In reversing the summary judgment decision, the court of appeals concluded that the reasonableness of the assumptions in the allocation that (1) all of the settlement amount was attributable to claims within the limits of the reinsured's policies and none was attributable to the claims against the reinsured for bad faith in refusing to defend the insured and that (2) all claims for lung cancer had a $200,000 value, while certain other claims had values of $50,000 or less, presented issues of fact that required a trial. The court pointed to evidence in the record to show that a fact finder could conclude that an allocation giving no value to the bad faith claims was unreasonable and that assigning high values to lung cancer claims instead of allocating some of that value to bad faith or other claims was unreasonable. The court identified an underlying settlement demand that included a significant amount for bad faith presented just shortly before settlement and the parties' arguments to the bankruptcy court to approve the plan partly on the basis that the bad faith claims had significant value. The court concluded that it was impossible to find as a matter of law that parties bargaining at arm's length, in a situation where reinsurance was absent, could reasonably have given no value to bad faith claims.

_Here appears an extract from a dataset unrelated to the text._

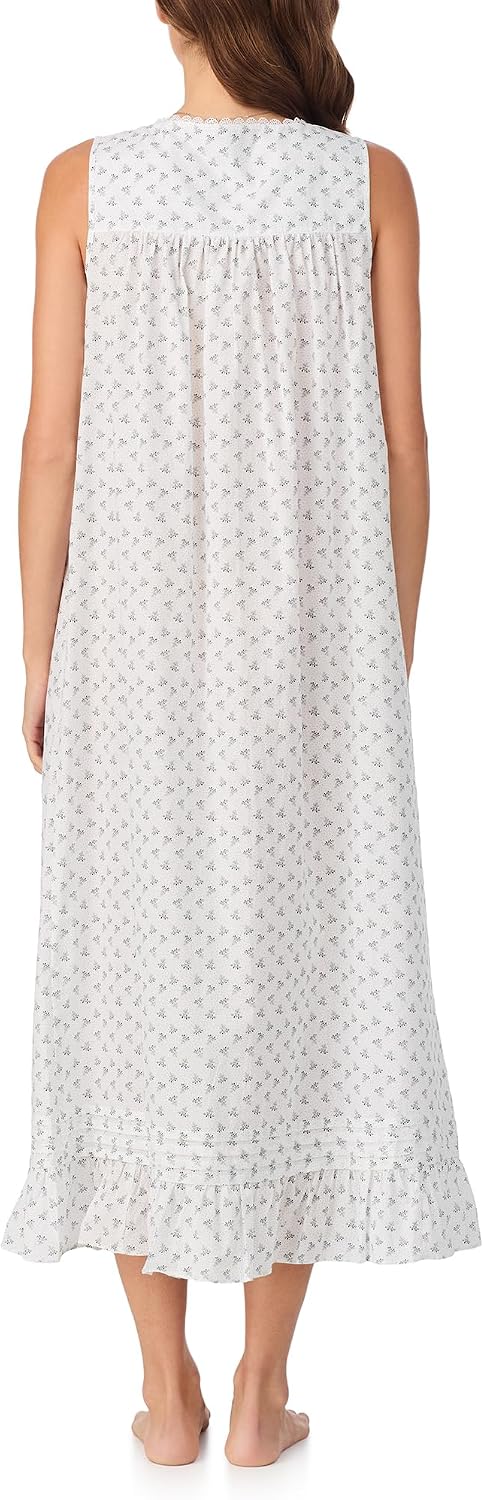 Eileen West Womens Sleepwear & Loungewear - Woven Lawn Collection - 100% Cotton Breathable Sleeveless 50" Long Nightgown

The U.S. Fid. & Guar. case provides the latest and certainly one of the more detailed road maps for addressing reinsurance allocation determinations under a follow-the-settlements clause. What it shows is that even if the reinsurance contract contains a follow-the-settlements clause, the reinsured's post-settlement allocation is subject to scrutiny for reasonableness. These cases are fact intensive. In U.S. Fid. & Guar., an important fact for the court was the existence of bad faith claims as articulated in the related California coverage case and bankruptcy court approval of the plan. It is rare to have underlying court decisions that provide significant support for the unreasonableness of an allocation decision.
Reasonableness is the catchword in analyzing the scrutiny brought to post-settlement reinsurance allocations. But, as articulated by the New York Court of Appeals, it is reasonableness based on the objective standard of what the underlying parties to a settlement would consider reasonable if there were no reinsurance. Allocating all of the settlement to claims covered by the reinsured's policies and nothing to the bad faith claims may or may not be reasonable—only a trial and a decision by a fact finder can decide that issue.
Based on these more recent cases, we can say that the courts will still defer—and reinsurers will be bound—to the reinsured's claim decisions, including settlement allocation decisions, as long as those decisions are reasonable. Reasonableness, however, is in the eye of the beholder.